Des centaines de personnes se sont rassemblées en matinée devant le siège du gouvernorat pour réclamer "des solutions au chômage" avant de se diriger vers le centre-ville, où des petits groupes ont bloqué des routes avec des pneus en feu.

Des heurts sporadiques ont ensuite opposé policiers et manifestants toute la journée. Comme la veille, les forces de l'ordre ont utilisé du gaz lacrymogène pour disperser des protestataires qui leur lançaient des pierres, selon un correspondant de l'AFP.

La police a aussi fait usage de canons à eau et tiré en l'air, selon des témoins. Les accrochages ont continué malgré le couvre-feu de 18H00 à 05H00 décrété mardi dans cette ville d'environ 80.000 habitants.

Huit policiers ont été blessés mercredi à Kasserine et onze à Thala, une ville proche, selon le directeur régional de la Santé Abdelghani Chaabani. La veille, vingt manifestants et trois policiers avaient été légèrement blessés à Kasserine.

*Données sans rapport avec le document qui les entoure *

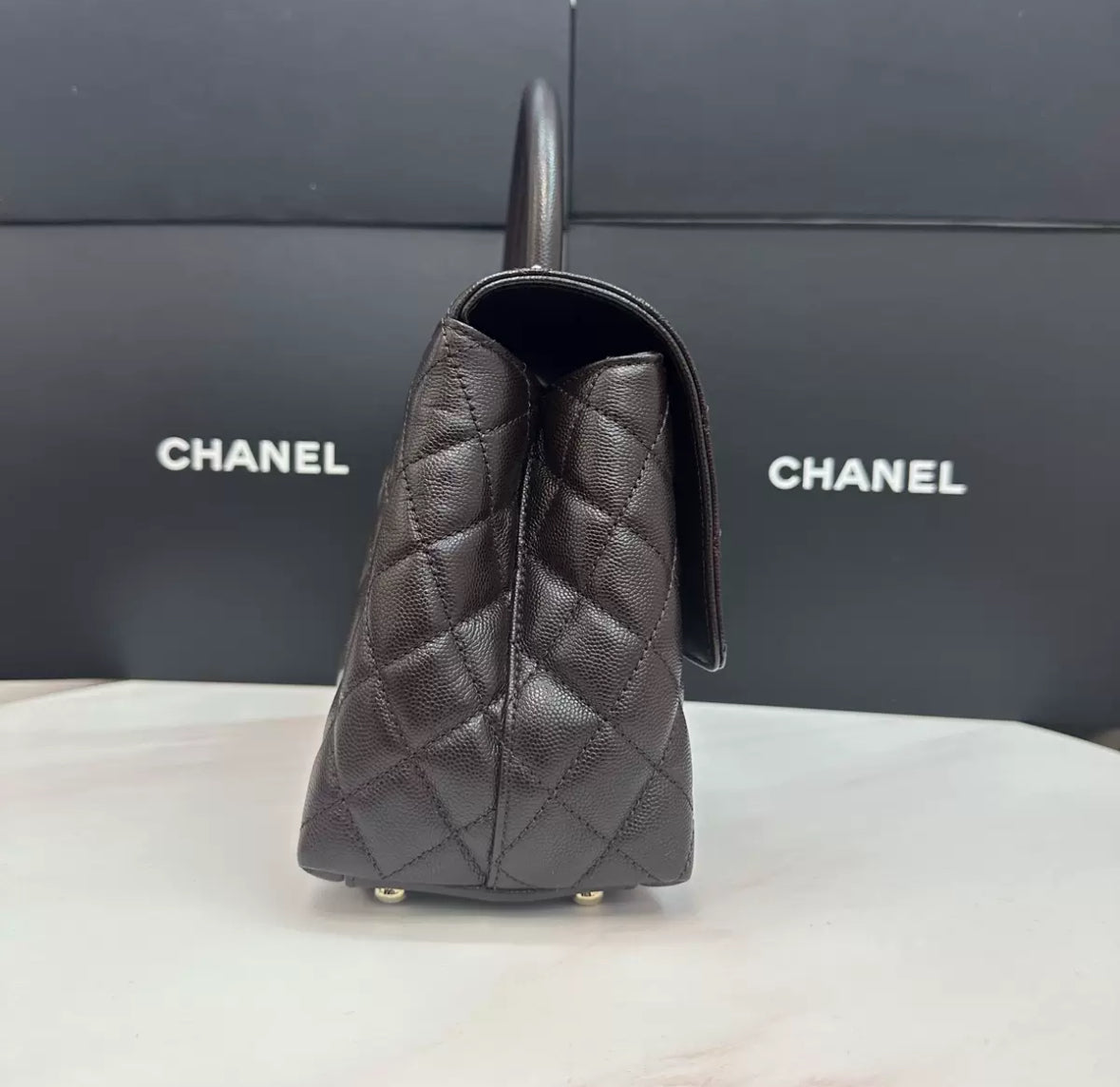 Pre-owned Certified Chanel Coco Handle Medium in Dark Brown Caviar Leather, Light Golden Hardware, Microchipped, w/ full set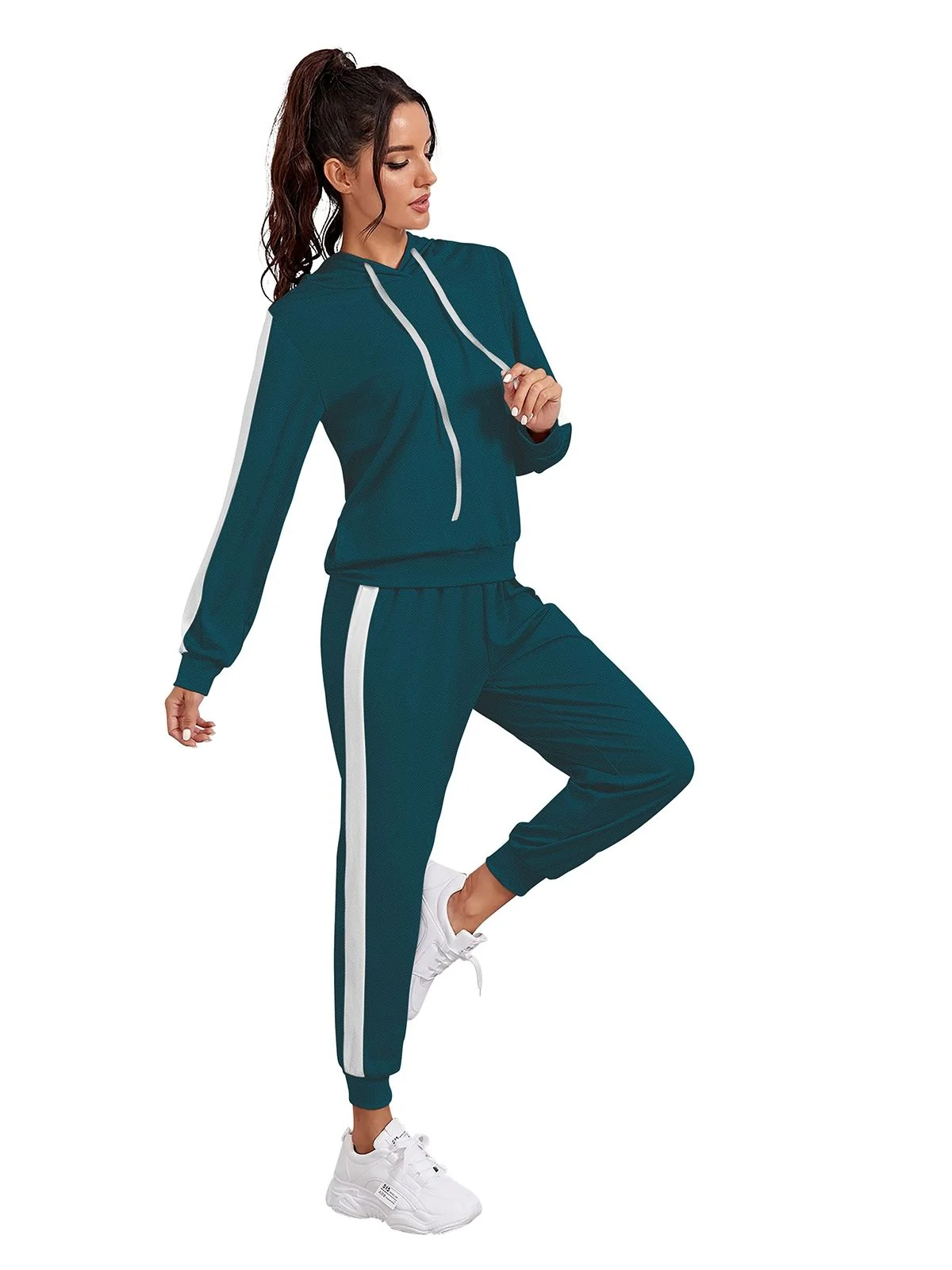 Odette Teal Polyester Patterned Co-Ord set For Women - Image 3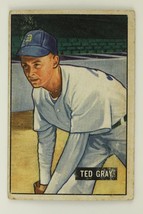 Vintage Baseball Card Bowman Gum 1951 #178 Ted Gray Pitcher Detroit Tigers - £7.76 GBP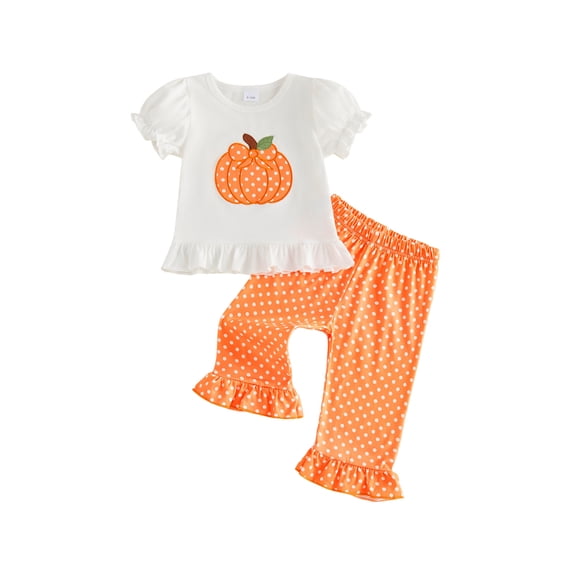 Baby Girl Halloween Outfit Pumpkin Ruffle Short Sleeve Tops Dot Print Bell Bottoms Flared Pants Set Toddler Summer Fall Clothes 6M-4Y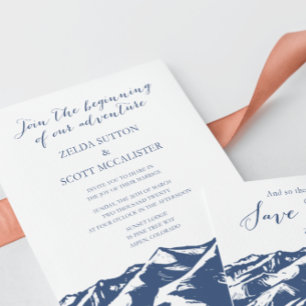 Elegante invitación a la Boda de Montaña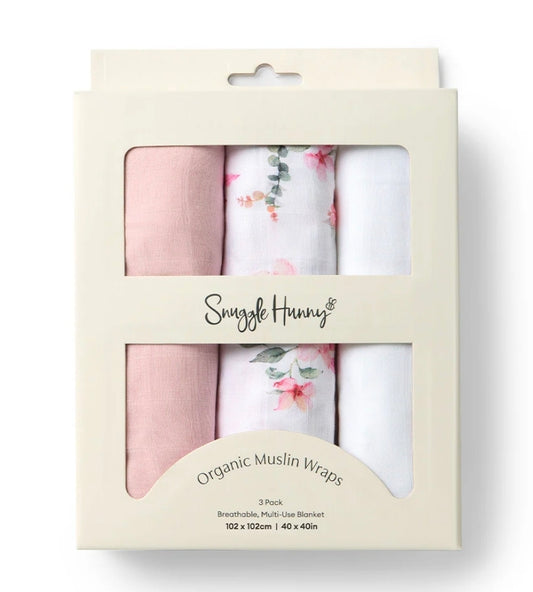 Snuggle Hunny - Large Organic Cotton Muslin Wrap 3 pk - Camille/Fairytale/Milk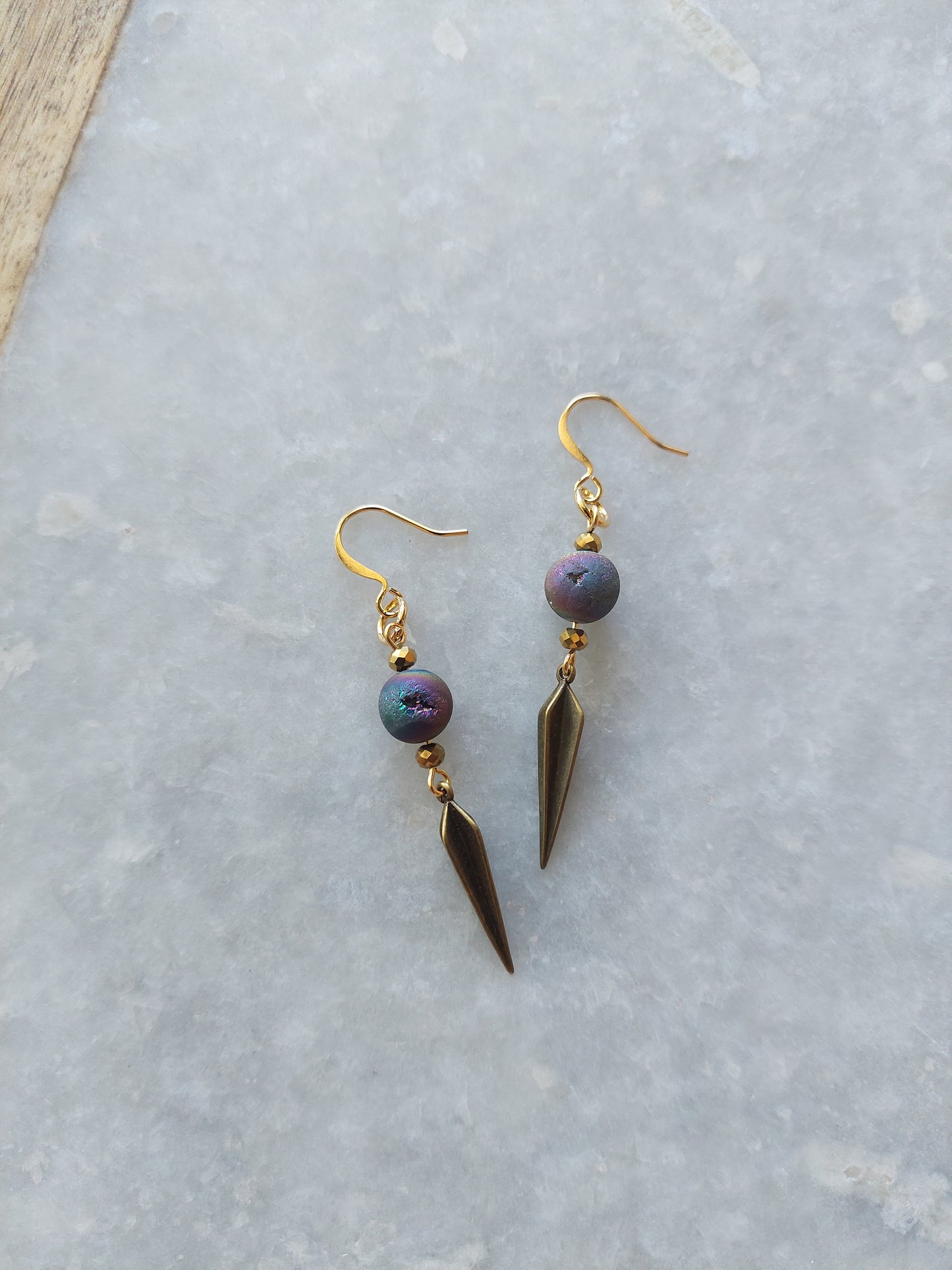 Druzy Spike Earrings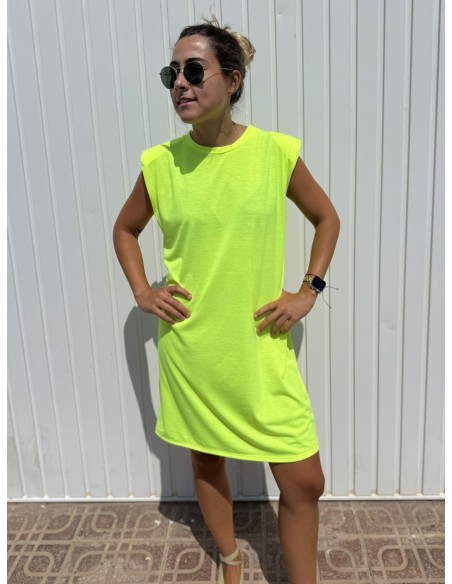 Vestido Hombreras Flúor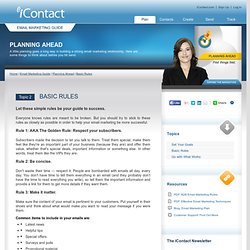 Planning Ahead - iContact Email Marketing Guide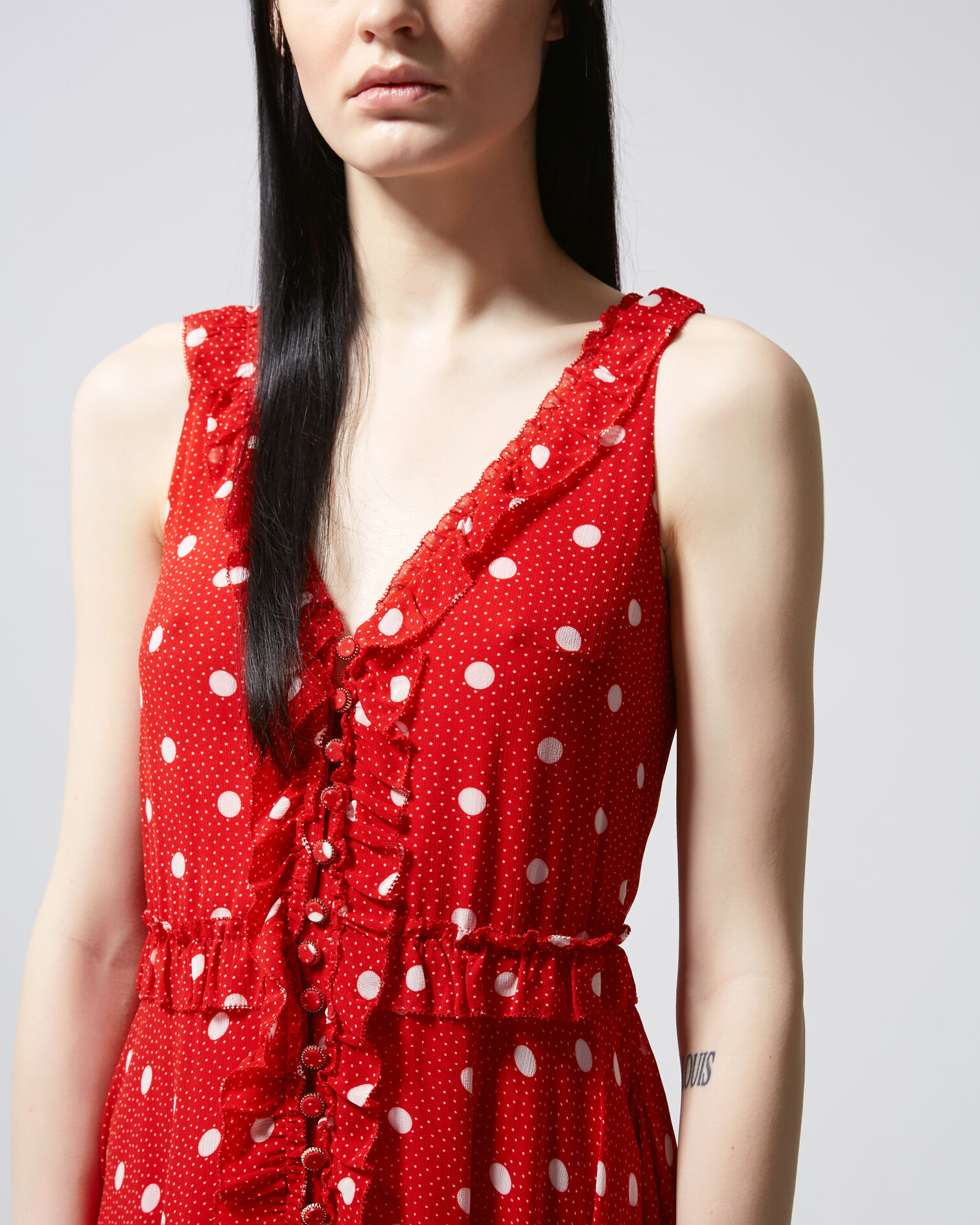 Sleeveless long red dress with polka dots, RED / ECRU, hi-res image number null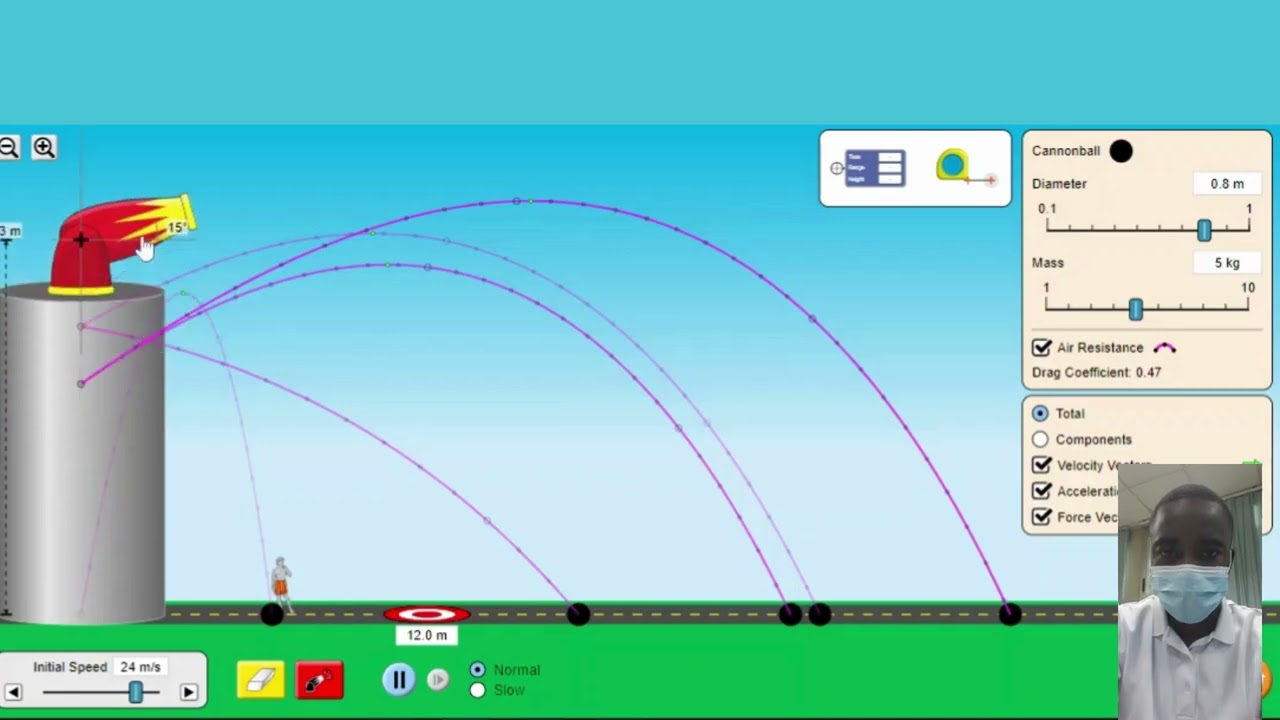Projectile Motion Simulation | Science Experiment | Virtual Lab Simulation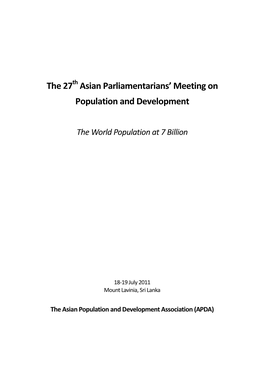 The 27 Asian Parliamentarians' Meeting on Population And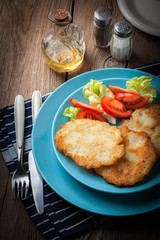 Crispy fried homemade potato pancakes.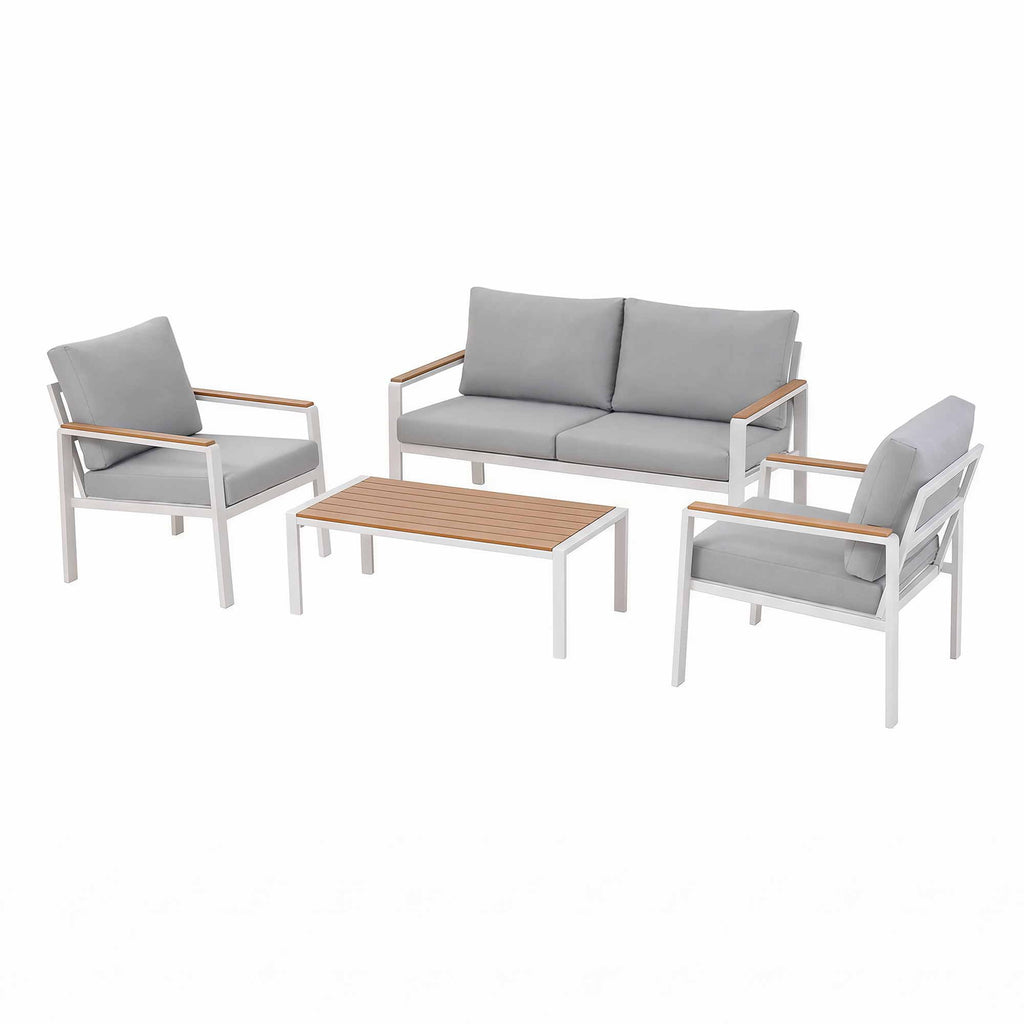 Outdoor Sofa Set – Aluminium, 4 Pieces, White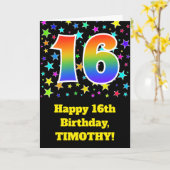 Carte Étoiles colorées + Motif arc-en-ciel "16" Annivers (Fleur jaune)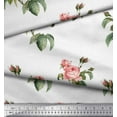 thumbnail image 3 of Soimoi White Cotton Poplin Fabric Leaves & Rose Floral Decor Fabric Printed Yard 56 Inch Wide, 3 of 3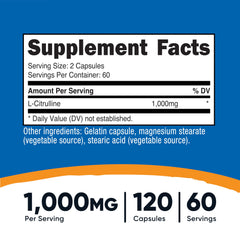 Close-up of L-Citrulline 500mg capsules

Le porte-parole du gouvernement, Khaled Chouket, a annoncé mercredi soir une série de mesures pour la région de Kasserine, dont l'embauche de 5.000 chômeurs et l'allocation de 135 millions de dinars (60 M EUR) à la construction de 1.000 logements sociaux.

Le porte-parole du ministère de l'Intérieur, Walid Louguini, a justifié le couvre-feu par la nécessité de "protéger les vies", d'éviter toute "escalade" mais aussi d'empêcher "les éléments terroristes d'essayer d'exploiter cette situation".

Kasserine se trouve en effet au pied du mont Chaambi, le principal maquis jihadiste de Tunisie.

L'armée a de son côté annoncé qu'elle procédait à des "opérations sur les monts à proximité de Kasserine et de Sidi Bouzid, avec des tirs d’artillerie et d’aviation". "On fait tout notre possible pour empêcher que ces personnes (les jihadistes, ndlr) descendent dans les villes", a dit à l'AFP le porte-parole du ministère de la Défense, Belhassen Oueslati.

Evènements prévisibles

Ces incidents font suite au décès samedi d'un chômeur de 28 ans, Ridha Yahyaoui, mort électrocuté après être monté sur un poteau. Il protestait parmi d'autres contre son retrait d'une liste d'embauches dans la fonction publique.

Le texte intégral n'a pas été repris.